┌──

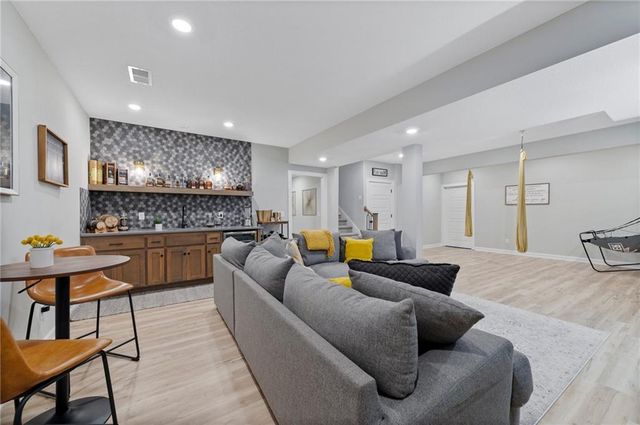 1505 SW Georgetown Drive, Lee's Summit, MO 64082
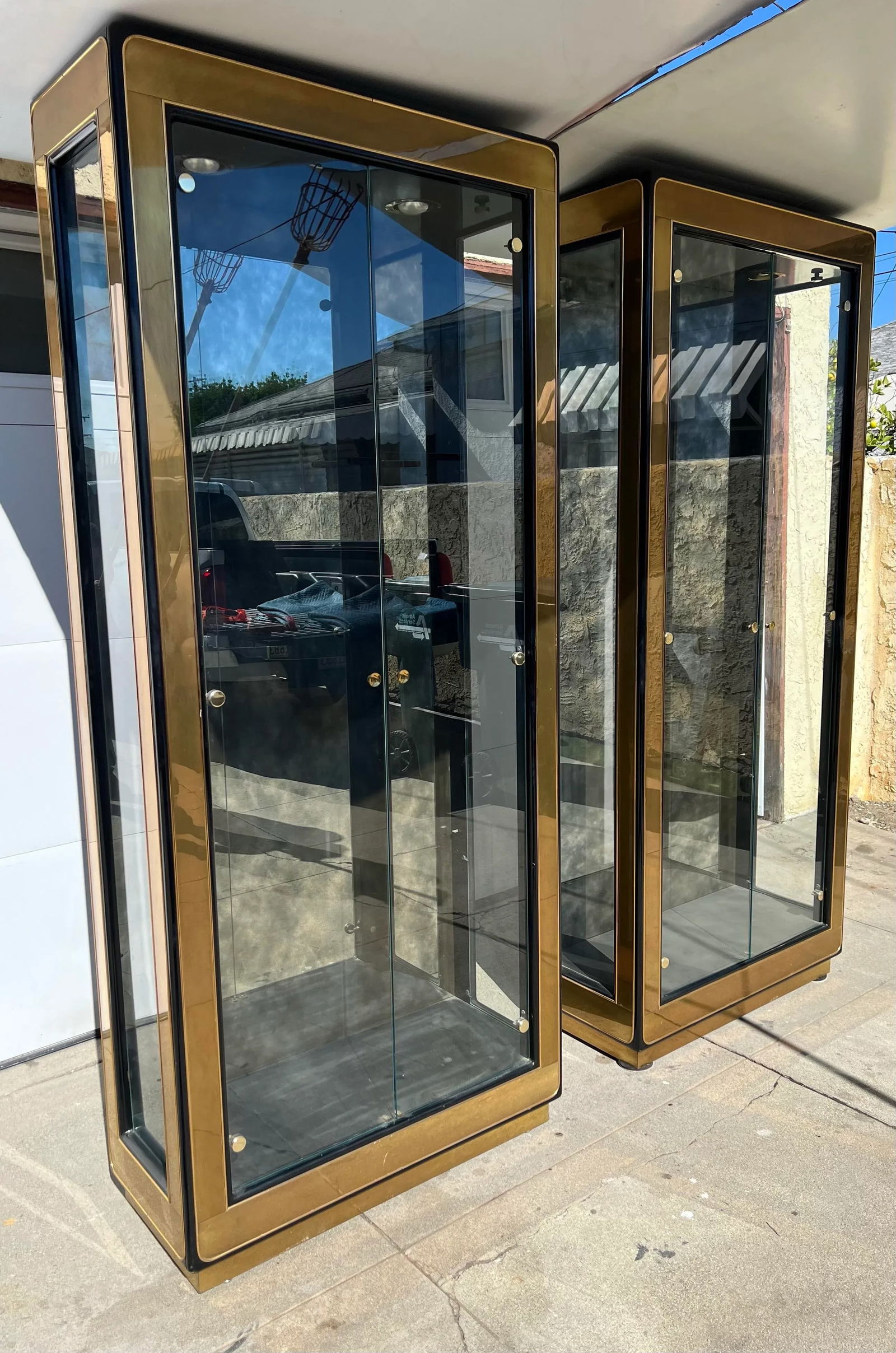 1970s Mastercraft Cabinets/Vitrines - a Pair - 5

└──
┌──

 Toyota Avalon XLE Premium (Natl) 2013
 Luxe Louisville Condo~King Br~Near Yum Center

└──
┌──

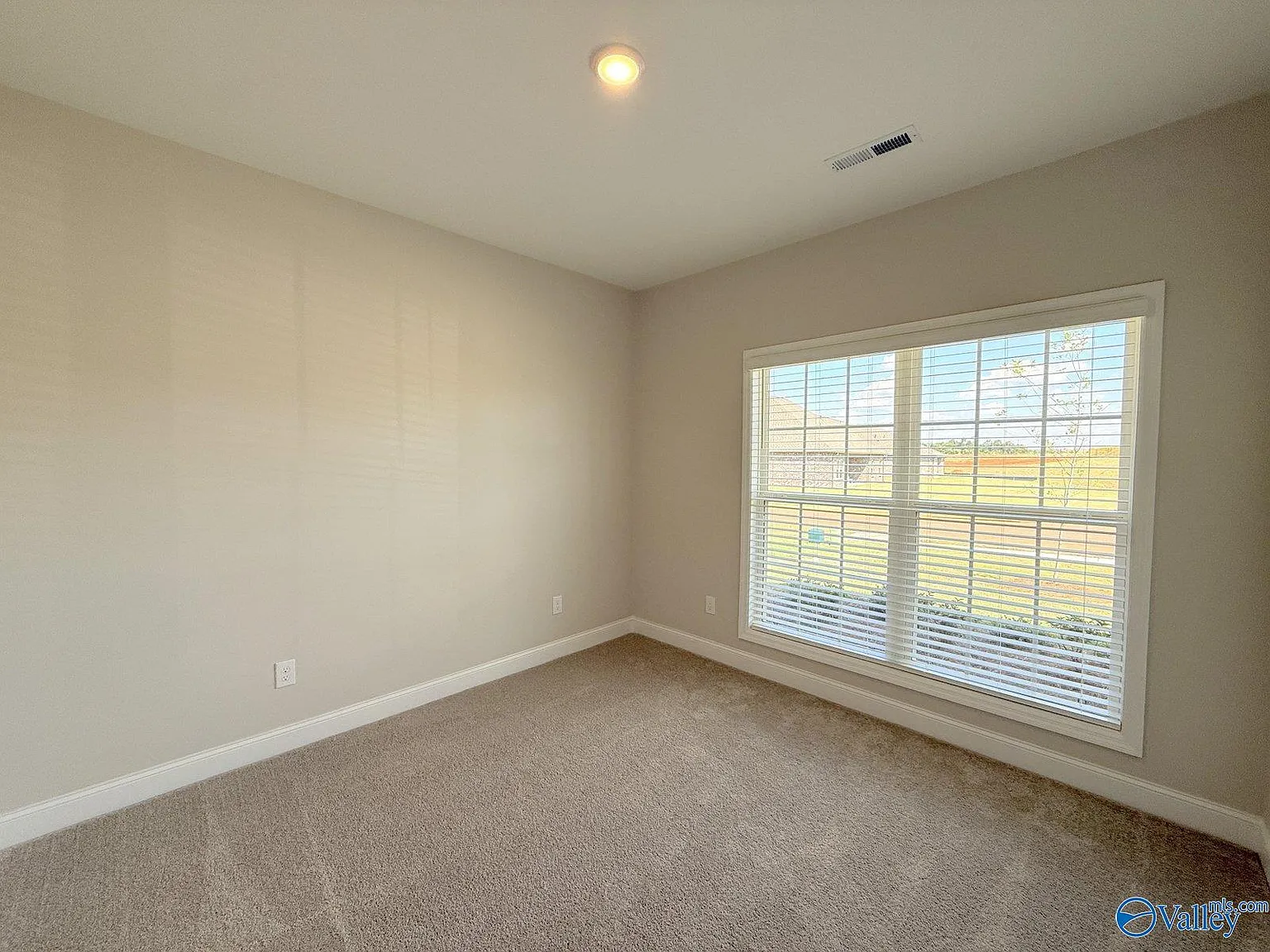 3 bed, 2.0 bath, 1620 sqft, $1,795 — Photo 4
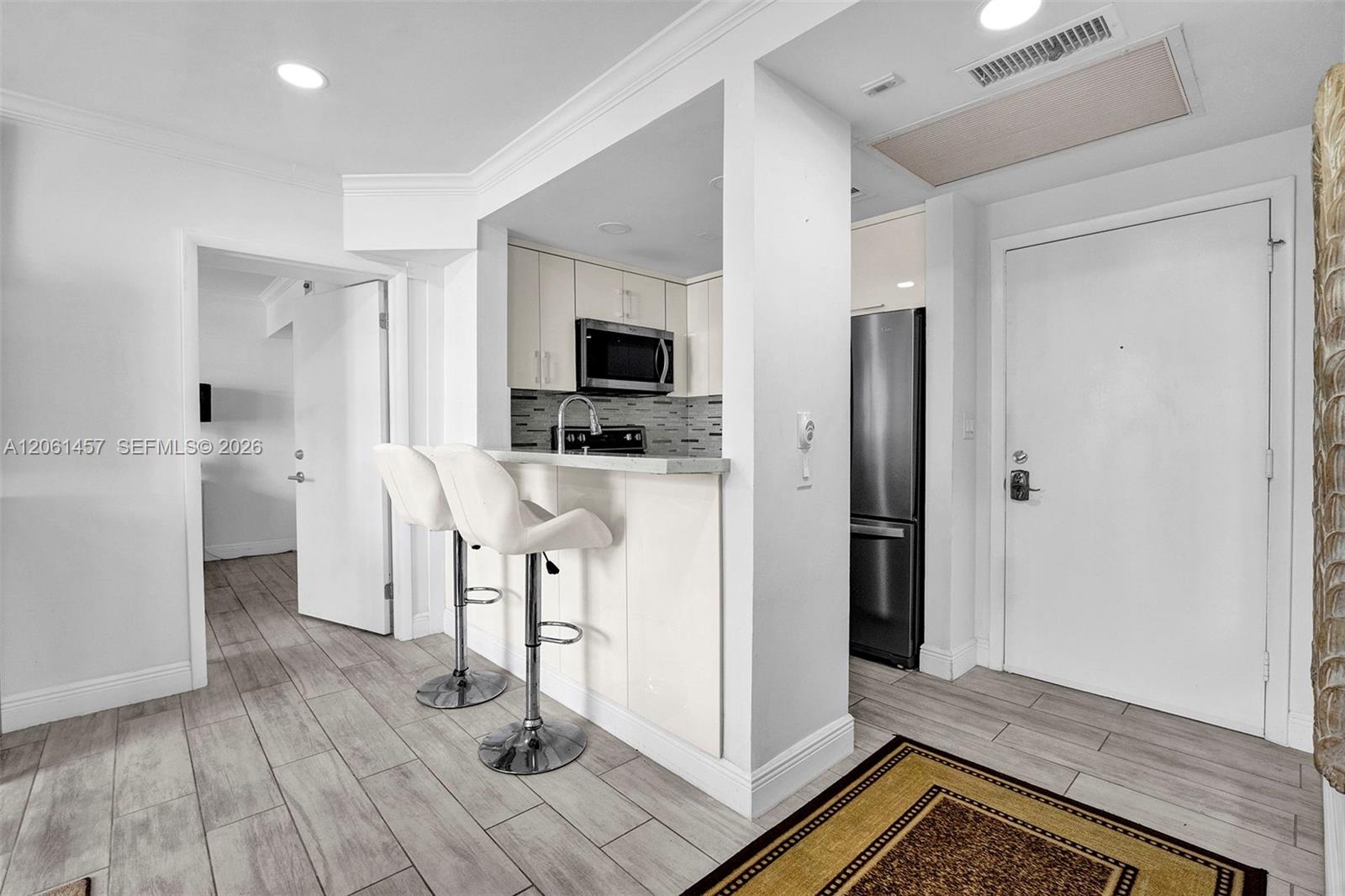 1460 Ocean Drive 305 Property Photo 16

└──

(TASK TO CARRY OUT): Please return the data above exactly as it stands from the line with "1505 SW Georgetown" to the line with "1970s Mastercraft Cabinets/Vitrines", keeping both of those lines but none of the pictures.

(TASK SOLUTION):
 1505 SW Georgetown Drive, Lee's Summit, MO 64082
 1970s Mastercraft Cabinets/Vitrines - a Pair - 5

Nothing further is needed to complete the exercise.